Problem to work on: Among the lines below, keep only those from the one containing "DEWINNER Rete Matrimoniale" through the one containing "Monkey Vector Logo Design photo", and reproduce them exactly.

Study material:

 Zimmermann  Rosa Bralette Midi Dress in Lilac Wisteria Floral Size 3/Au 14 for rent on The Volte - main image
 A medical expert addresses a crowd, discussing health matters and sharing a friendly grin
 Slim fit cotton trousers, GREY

...

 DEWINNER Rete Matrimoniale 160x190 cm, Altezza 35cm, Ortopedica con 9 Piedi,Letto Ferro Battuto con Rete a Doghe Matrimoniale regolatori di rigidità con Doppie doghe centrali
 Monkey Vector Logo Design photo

Response to the task:
 DEWINNER Rete Matrimoniale 160x190 cm, Altezza 35cm, Ortopedica con 9 Piedi,Letto Ferro Battuto con Rete a Doghe Matrimoniale regolatori di rigidità con Doppie doghe centrali
 Monkey Vector Logo Design photo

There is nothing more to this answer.